Am picking up my better half at Glasgow airport late at night and need to head north. Does anyone know where I might get some sleep after midnight north of Glasgow. It's obviously too late for a camp site. Is it possible to pull in somewhere near Loch Lomond?
Thanks for your help


----------



## Spacerunner (Mar 18, 2006)

At Aberfoyle, take the Duke's Pass, A821. It goes through the Queen Elizabeth Forest Park. Loads of park and picnic places.
Watch out for midges though!!


----------



## strathspey (Oct 30, 2005)

Hi Batch,
After leaving Glasgow airport, head to cross the Clyde at the Erskine Bridge, then head north up the west side of Loch Lomond. After you pass Luss, there are a couple of 'off the road' laybys on the loch side of the road(remnants of the old road up the lochside). you should find either of those suitable.
We've just returned from an extensive Scottish tour, and on the way south, stopped in one of thes laybys for lunch.
Happy travels,
Strathspey


----------



## clodhopper2006 (Aug 13, 2006)

There are some laybys north of Balloch which are regularly used despite "no overnight camping" signs. Also if you swing right at Tarbet and go through Arochar there's a brilliant wild camp at a spot called "rest and be thankful" 
Finally there's a CC campsite at Luss

http://www.siteseeker.co.uk/aspx/details.aspx?id=7180

Bob


----------



## Don_Madge (May 1, 2005)

Hi Kevin,

There's a very large lay by/side road off the A82 beside Loch Lomond. We have stopped there for lunch a few times over the years. I'm not sure of it's exact location hopefully somebody living in the area will give some details.

Don


----------



## quiraing (Feb 12, 2007)

Parking at the side of Loch Lomond not advised - however there is a car park on the left at the north end of Arrocher on the A83 which attracts a number of overnighting M/Homes , it is opposite the filling station, also there is a car park at the Forestry commission visitors centre about 4 miles further on the same road. Hope you enjoy your holiday in God's country.


----------



## clodhopper2006 (Aug 13, 2006)

clodhopper2006 said:


> . Also if you swing right at Tarbet and go through Arochar
> 
> Bob


OOOOOOOPS DO NOT SWING RIGHT! unless you are amphibious. I meant left


----------



## Bill_Posters (May 28, 2007)

Whilst up that way I can thoroughly recommend a visit to the Drovers at Ardlui

The Drovers

It has to be one of the best pubs in the UK. They appear to have made an art form of NOT decorating it for 300 years!
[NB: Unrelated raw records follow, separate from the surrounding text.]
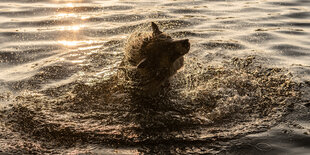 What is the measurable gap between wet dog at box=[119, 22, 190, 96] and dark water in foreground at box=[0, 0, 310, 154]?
439mm

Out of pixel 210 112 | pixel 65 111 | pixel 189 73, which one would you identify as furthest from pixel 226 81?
pixel 65 111

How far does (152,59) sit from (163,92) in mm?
1035

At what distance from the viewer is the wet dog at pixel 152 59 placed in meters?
6.06

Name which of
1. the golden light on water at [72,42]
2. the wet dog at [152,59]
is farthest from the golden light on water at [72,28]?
the wet dog at [152,59]

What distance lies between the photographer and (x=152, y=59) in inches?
243


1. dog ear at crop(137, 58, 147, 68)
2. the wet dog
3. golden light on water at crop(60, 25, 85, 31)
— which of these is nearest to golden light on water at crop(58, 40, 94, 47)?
golden light on water at crop(60, 25, 85, 31)

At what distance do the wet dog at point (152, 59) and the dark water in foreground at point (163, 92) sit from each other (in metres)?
0.44

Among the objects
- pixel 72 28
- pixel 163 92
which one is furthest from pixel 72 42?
pixel 163 92

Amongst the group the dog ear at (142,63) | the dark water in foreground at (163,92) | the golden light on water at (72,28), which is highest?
the golden light on water at (72,28)

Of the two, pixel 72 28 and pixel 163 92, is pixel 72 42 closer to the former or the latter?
pixel 72 28

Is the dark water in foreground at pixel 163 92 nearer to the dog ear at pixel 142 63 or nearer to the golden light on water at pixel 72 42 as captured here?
the golden light on water at pixel 72 42

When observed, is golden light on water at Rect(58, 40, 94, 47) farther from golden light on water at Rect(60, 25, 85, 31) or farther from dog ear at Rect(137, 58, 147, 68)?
dog ear at Rect(137, 58, 147, 68)

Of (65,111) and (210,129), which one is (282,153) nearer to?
(210,129)

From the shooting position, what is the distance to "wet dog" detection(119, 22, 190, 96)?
239 inches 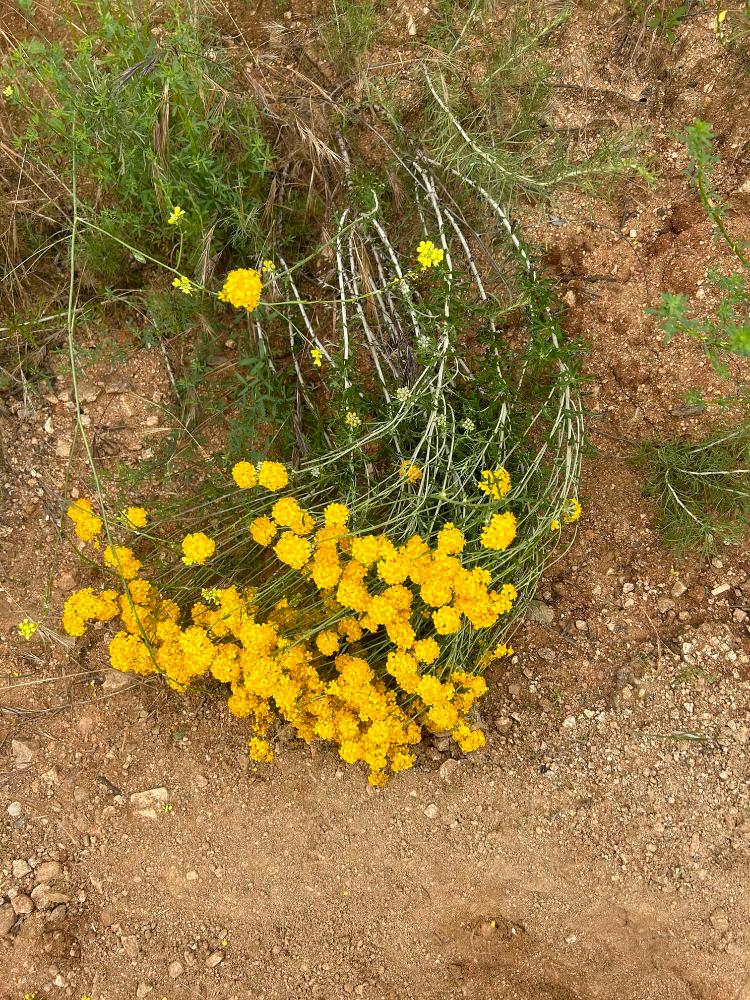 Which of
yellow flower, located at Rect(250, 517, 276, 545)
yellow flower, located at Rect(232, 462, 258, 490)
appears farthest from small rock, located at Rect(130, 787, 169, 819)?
yellow flower, located at Rect(232, 462, 258, 490)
It's a great place, with stone flag floors and beamed ceilings.

Map


----------



## clodhopper2006 (Aug 13, 2006)

Bill_Posters said:


> Whilst up that way I can thoroughly recommend a visit to the Drovers at Ardlui
> 
> The Drovers
> 
> ...


Seconded!


----------



## Bill_Posters (May 28, 2007)

Also, depending on your plans, a drive through Glencoe is a must. If you enjoy stunning walks I can thoroughly recommend :-

Glencoe Lochan


----------



## brandywine (Aug 28, 2007)

There is a late arrivals parking area outside the Luss C&CC park if of any help.

Site is on campsite database.

Best of luck.


----------



## Batch (Dec 2, 2005)

Thanks every one. I feel much more confident of finding some where. Just a reminder of what great contributors and helpful people we have on MHF


----------